### What needs to be done
Omitting any pictures, transcribe the entries below exactly.

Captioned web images
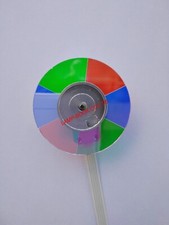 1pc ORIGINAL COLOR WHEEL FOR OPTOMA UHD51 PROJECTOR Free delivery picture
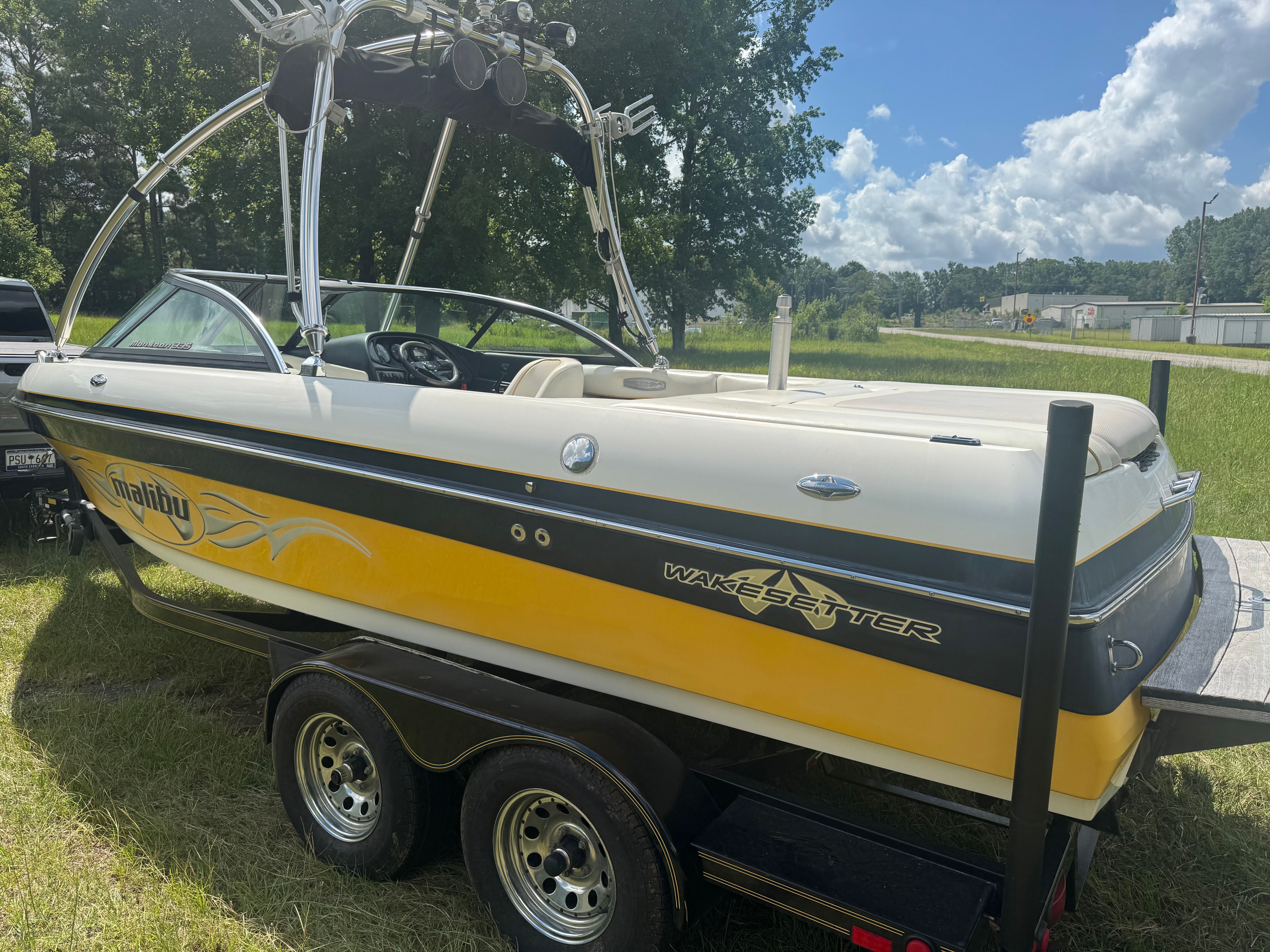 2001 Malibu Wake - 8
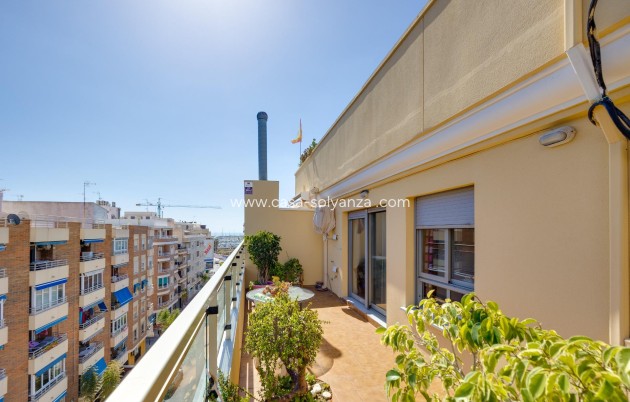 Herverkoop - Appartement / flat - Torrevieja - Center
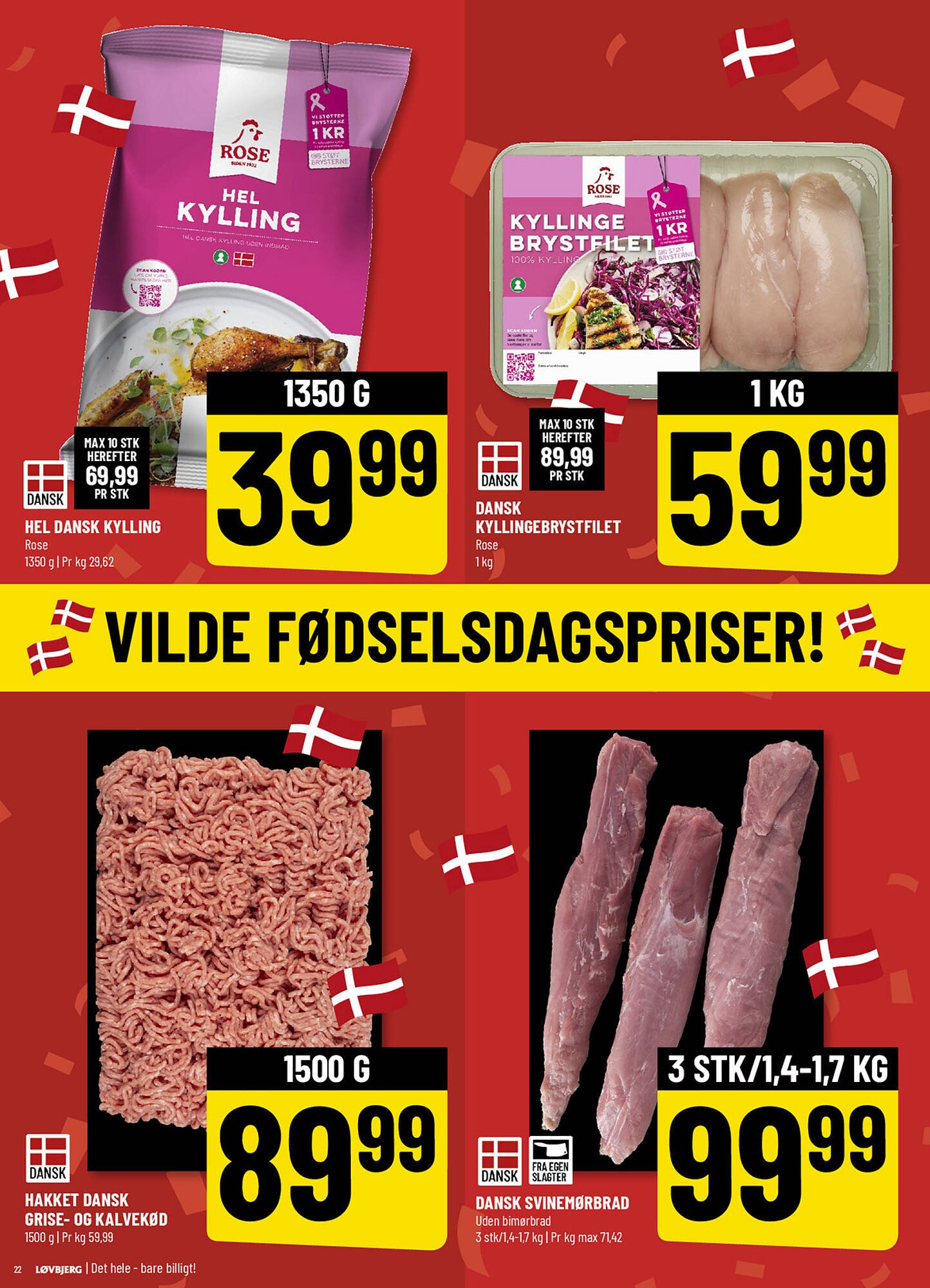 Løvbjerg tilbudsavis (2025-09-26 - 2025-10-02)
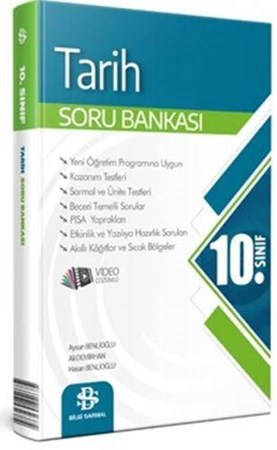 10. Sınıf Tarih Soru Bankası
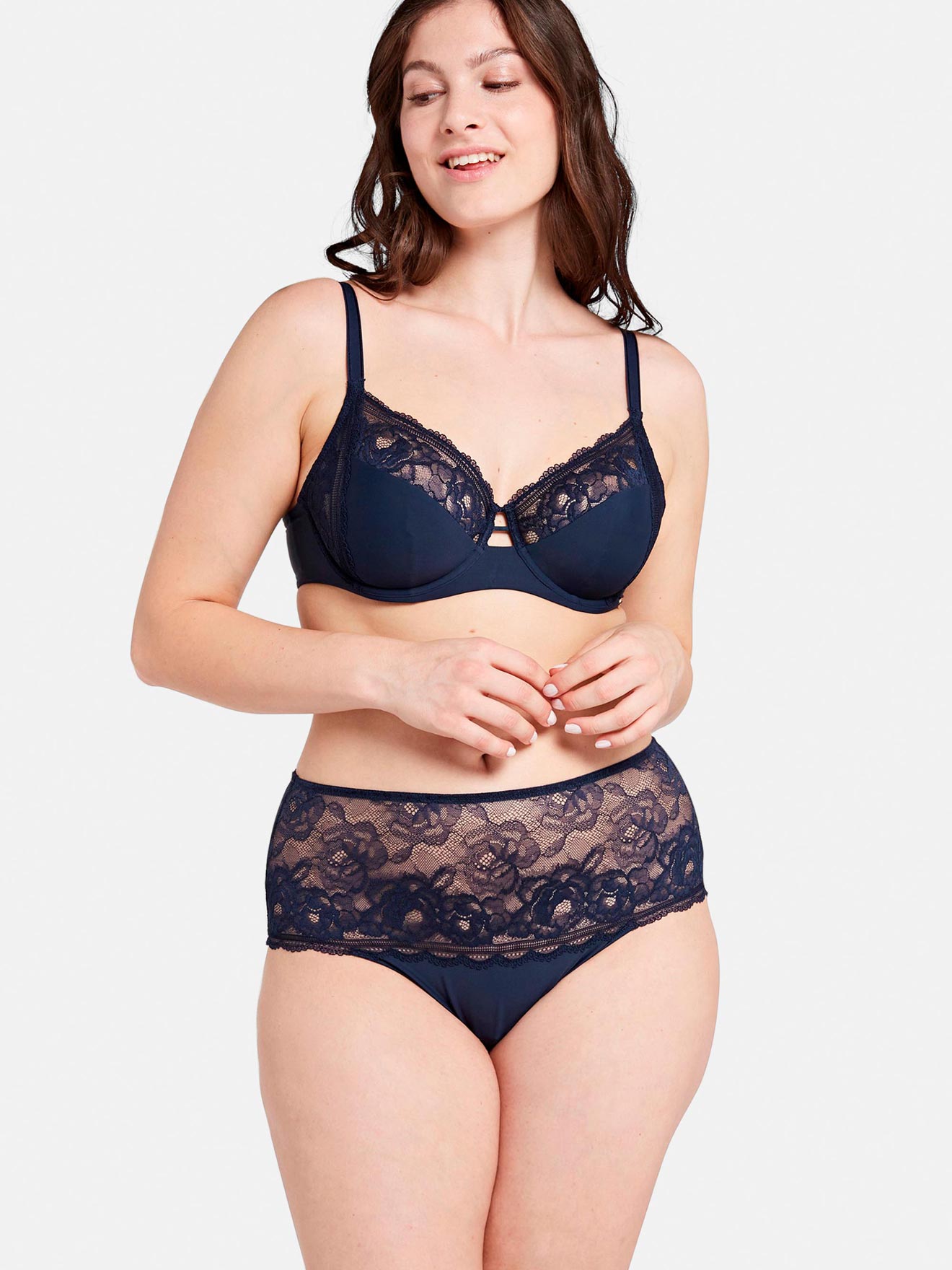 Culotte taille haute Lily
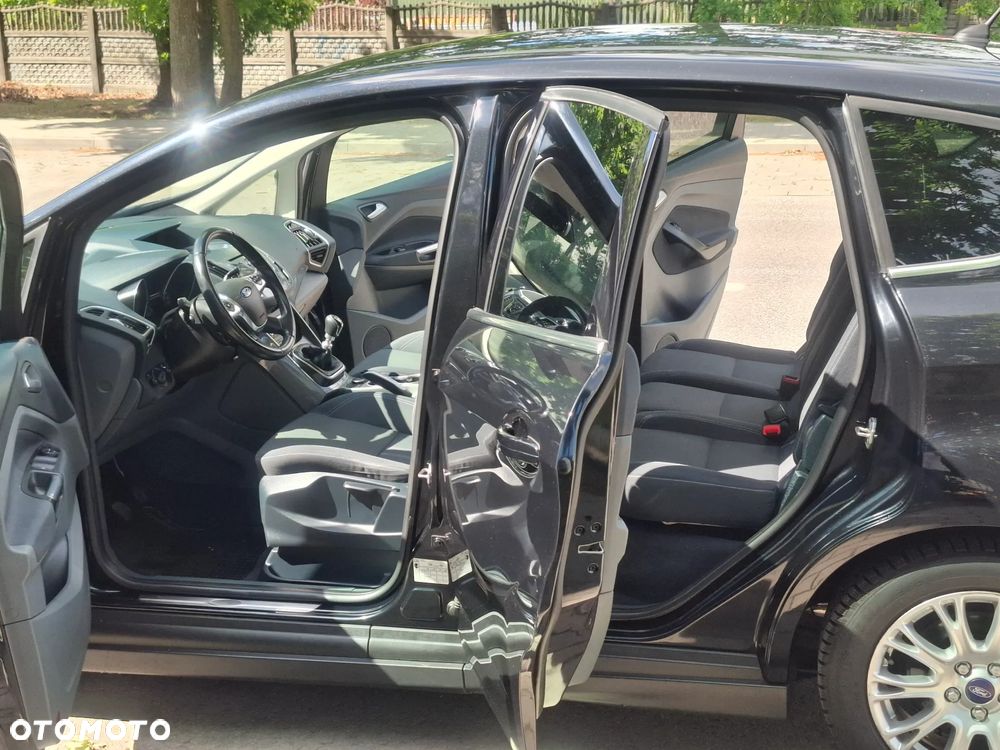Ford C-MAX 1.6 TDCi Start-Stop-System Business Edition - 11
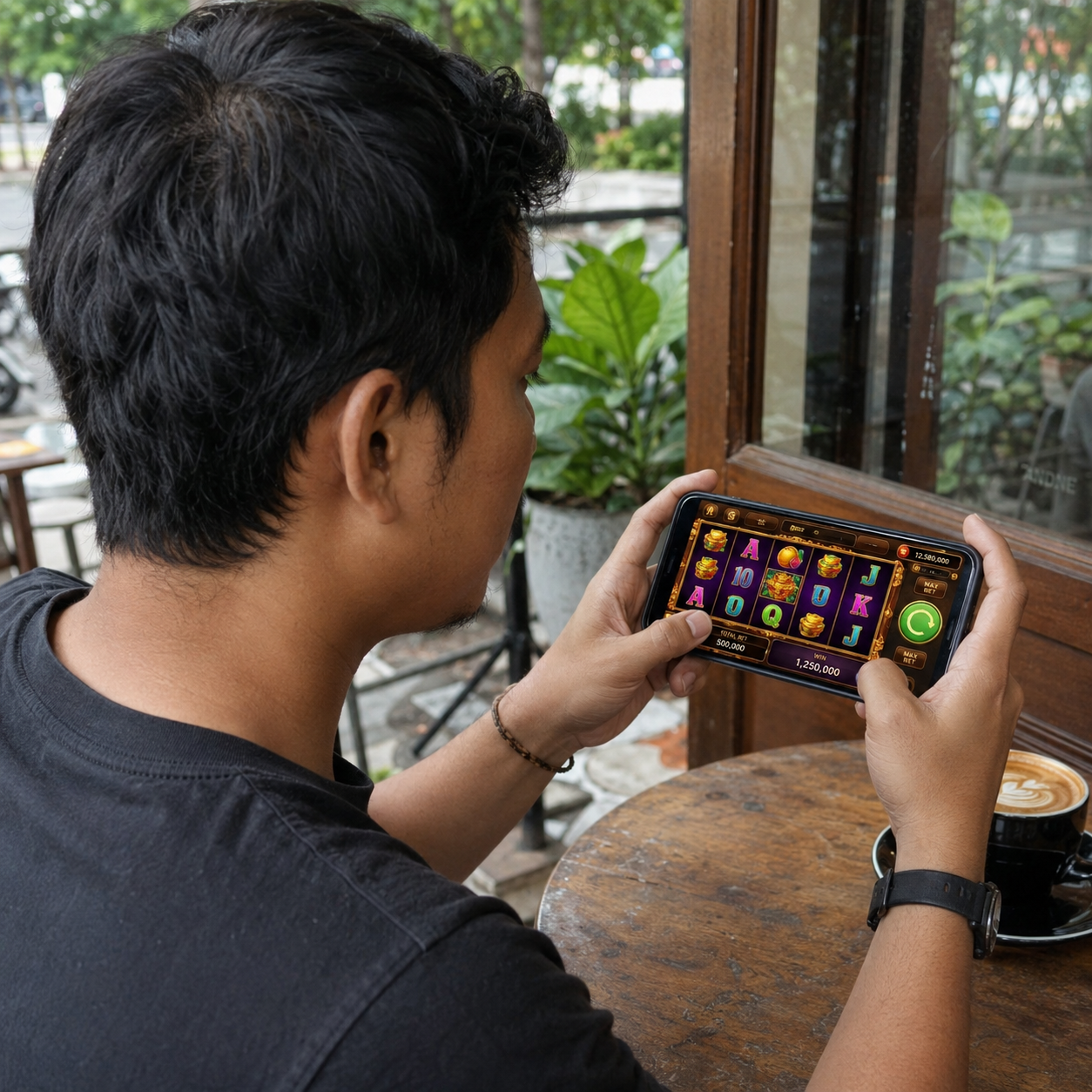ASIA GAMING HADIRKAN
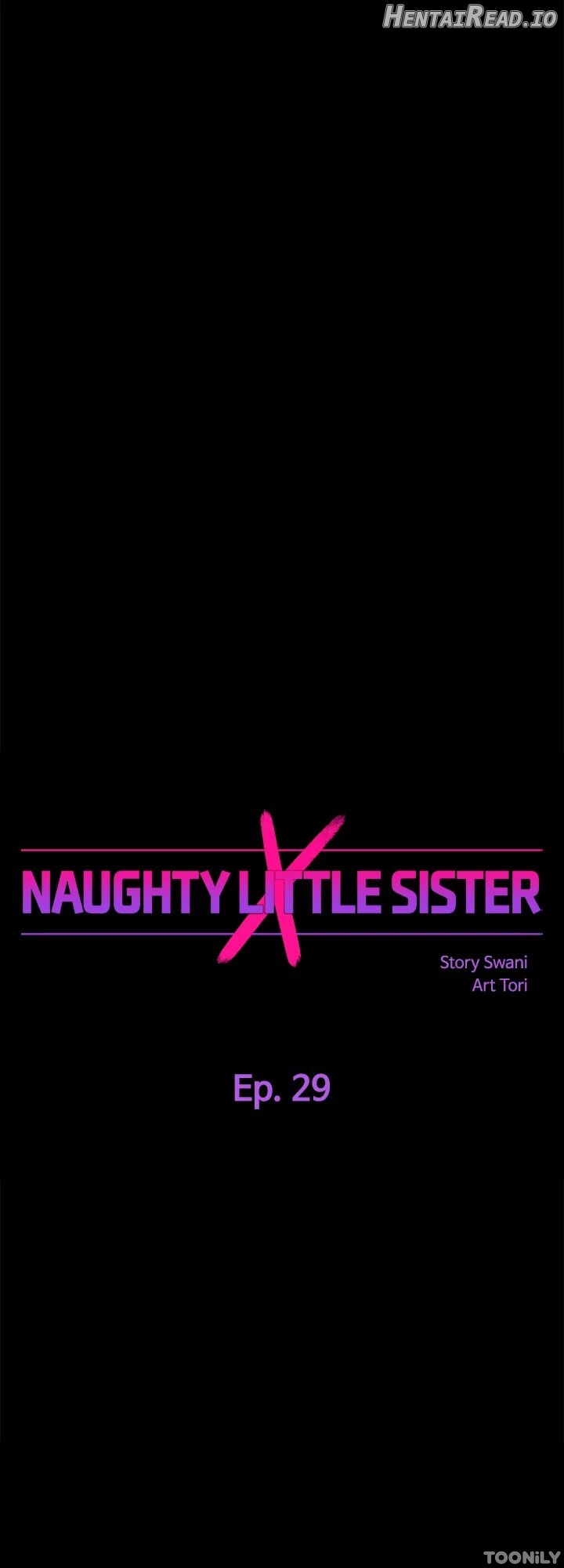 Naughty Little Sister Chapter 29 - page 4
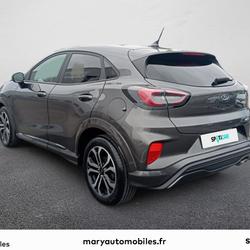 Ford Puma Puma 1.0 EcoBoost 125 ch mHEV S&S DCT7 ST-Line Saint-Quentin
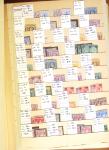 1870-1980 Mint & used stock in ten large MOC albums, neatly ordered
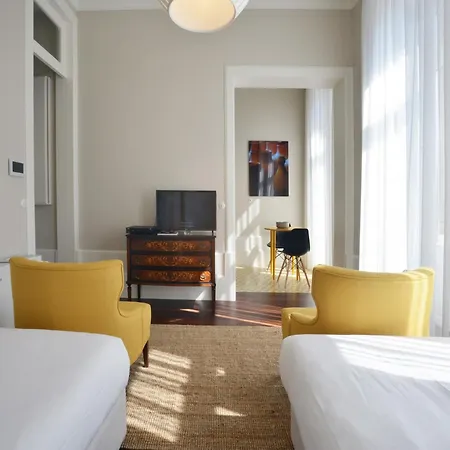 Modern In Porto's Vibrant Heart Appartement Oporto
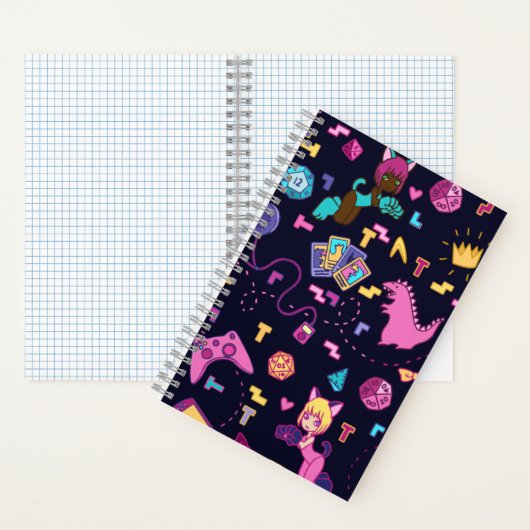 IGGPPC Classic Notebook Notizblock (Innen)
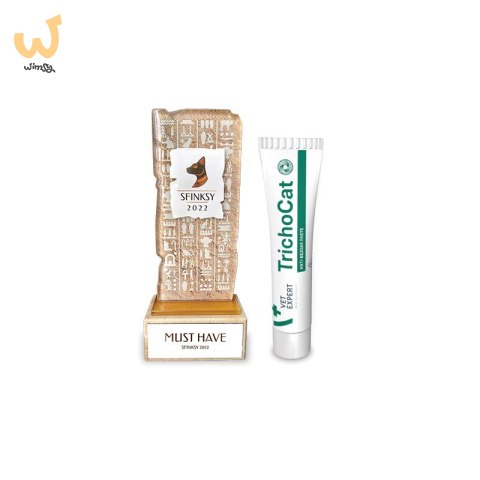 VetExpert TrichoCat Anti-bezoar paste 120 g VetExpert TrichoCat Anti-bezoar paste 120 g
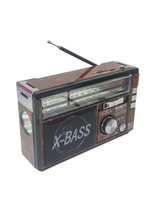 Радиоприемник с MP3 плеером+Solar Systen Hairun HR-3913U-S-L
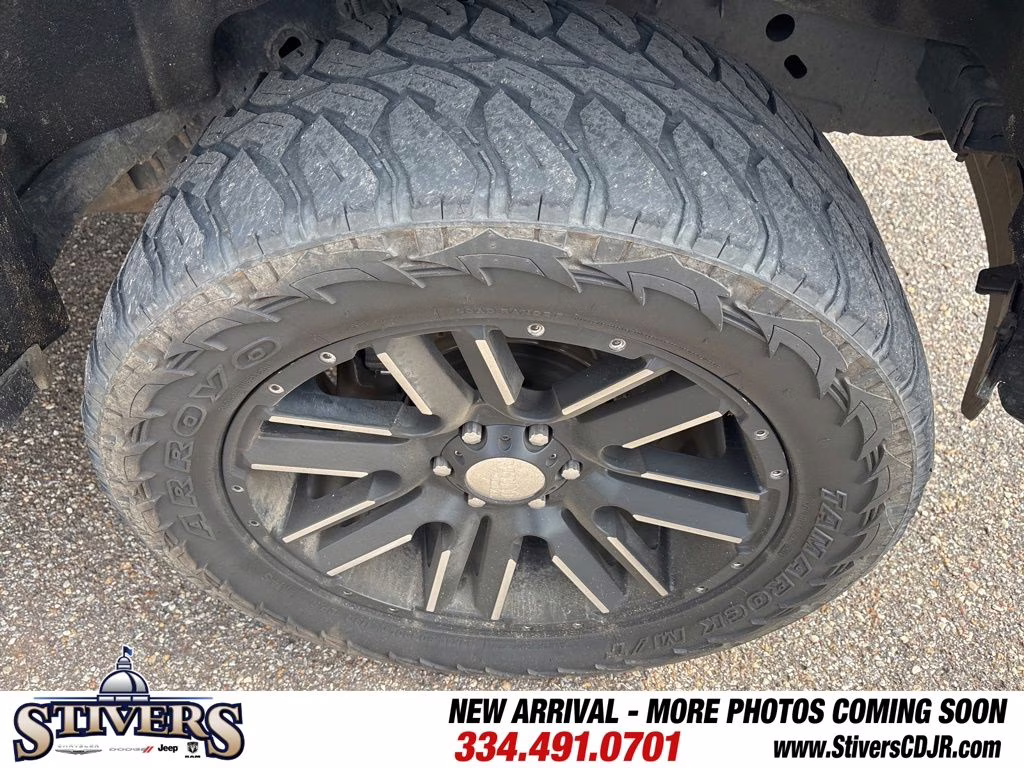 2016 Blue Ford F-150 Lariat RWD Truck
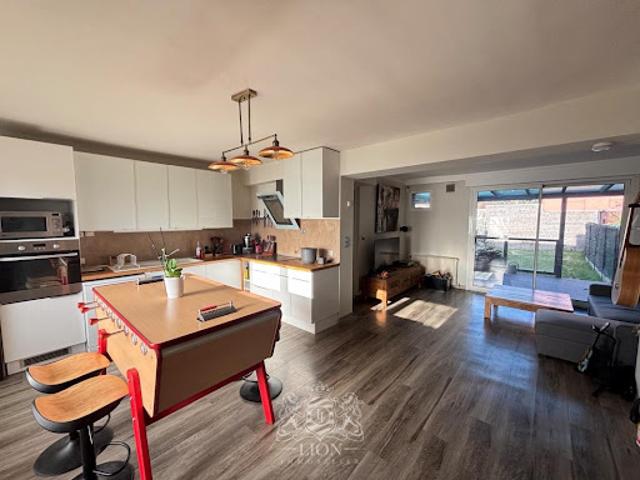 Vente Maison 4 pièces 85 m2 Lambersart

### Reply to the task
 1pc ORIGINAL COLOR WHEEL FOR OPTOMA UHD51 PROJECTOR Free delivery picture
 2001 Malibu Wake - 8
 Herverkoop - Appartement / flat - Torrevieja - Center
 Løvbjerg tilbudsavis (2025-09-26 - 2025-10-02)
 10. Sınıf Tarih Soru Bankası
 Culotte taille haute Lily
Ford C-MAX 1.6 TDCi Start-Stop-System Business Edition - 11
ASIA GAMING HADIRKAN
 Naughty Little Sister Chapter 29 - page 4
 Ford Puma Puma 1.0 EcoBoost 125 ch mHEV S&S DCT7 ST-Line Saint-Quentin
 1870-1980 Mint & used stock in ten large MOC albums, neatly ordered
 Modern In Porto's Vibrant Heart Appartement Oporto
 IGGPPC Classic Notebook Notizblock (Innen)
 VetExpert TrichoCat Anti-bezoar paste 120 g VetExpert TrichoCat Anti-bezoar paste 120 g
 Радиоприемник с MP3 плеером+Solar Systen Hairun HR-3913U-S-L
 2016 Blue Ford F-150 Lariat RWD Truck
 Vente Maison 4 pièces 85 m2 Lambersart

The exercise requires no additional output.